--- Given entries ---

Content starts

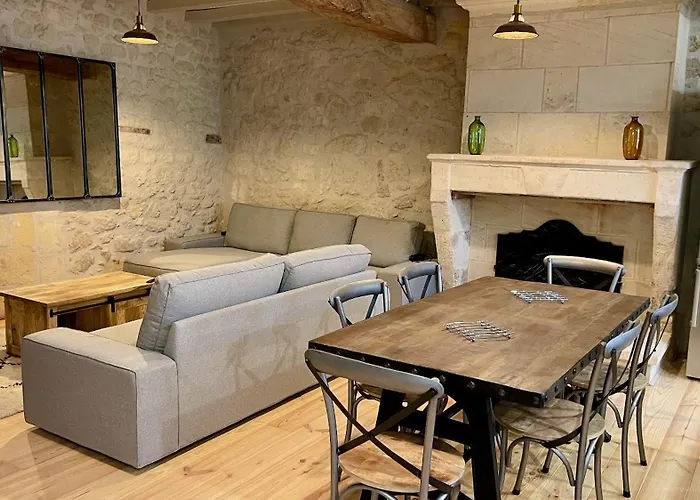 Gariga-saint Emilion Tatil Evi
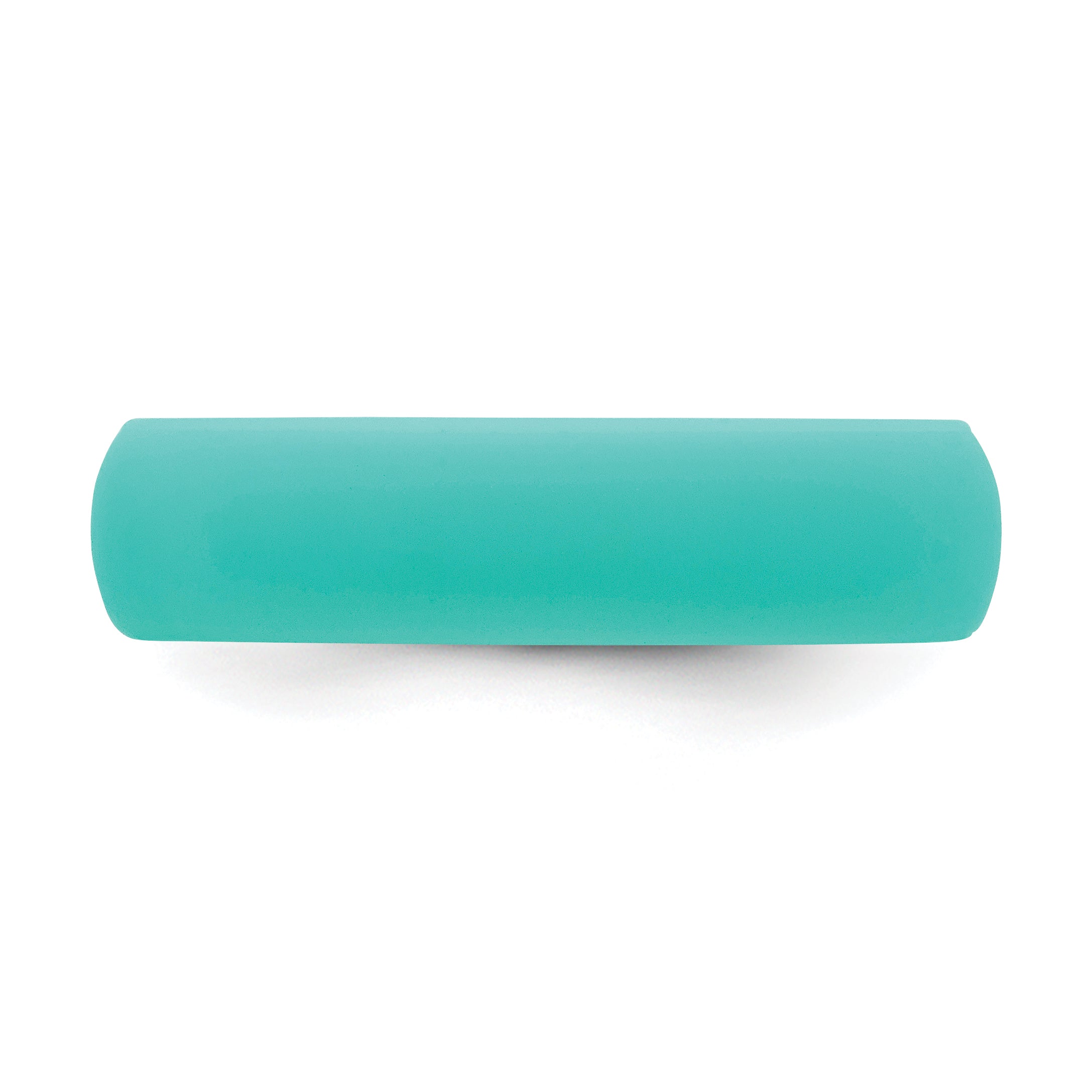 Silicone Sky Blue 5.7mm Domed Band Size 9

Content ends
Content starts

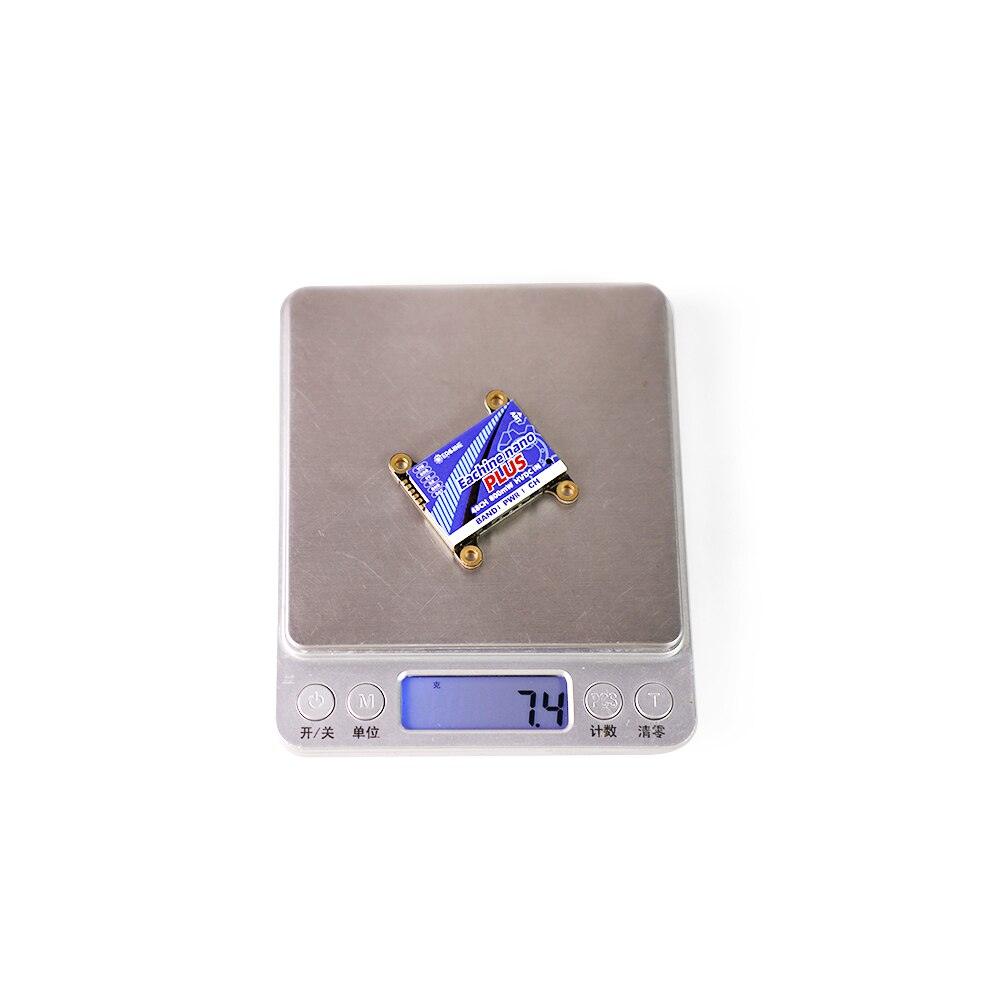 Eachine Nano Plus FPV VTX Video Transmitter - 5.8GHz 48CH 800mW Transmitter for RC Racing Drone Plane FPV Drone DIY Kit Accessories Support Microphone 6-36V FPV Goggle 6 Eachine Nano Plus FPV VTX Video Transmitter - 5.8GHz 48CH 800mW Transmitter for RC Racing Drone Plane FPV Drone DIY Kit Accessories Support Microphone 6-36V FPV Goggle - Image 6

Content ends

Above are the records; please give again, exactly and in full, only the lines that run from the line with "Gariga-saint Emilion Tatil Evi" through the line with "Silicone Sky Blue 5.7mm Domed Band Size 9", with no pictures.

 Gariga-saint Emilion Tatil Evi
 Silicone Sky Blue 5.7mm Domed Band Size 9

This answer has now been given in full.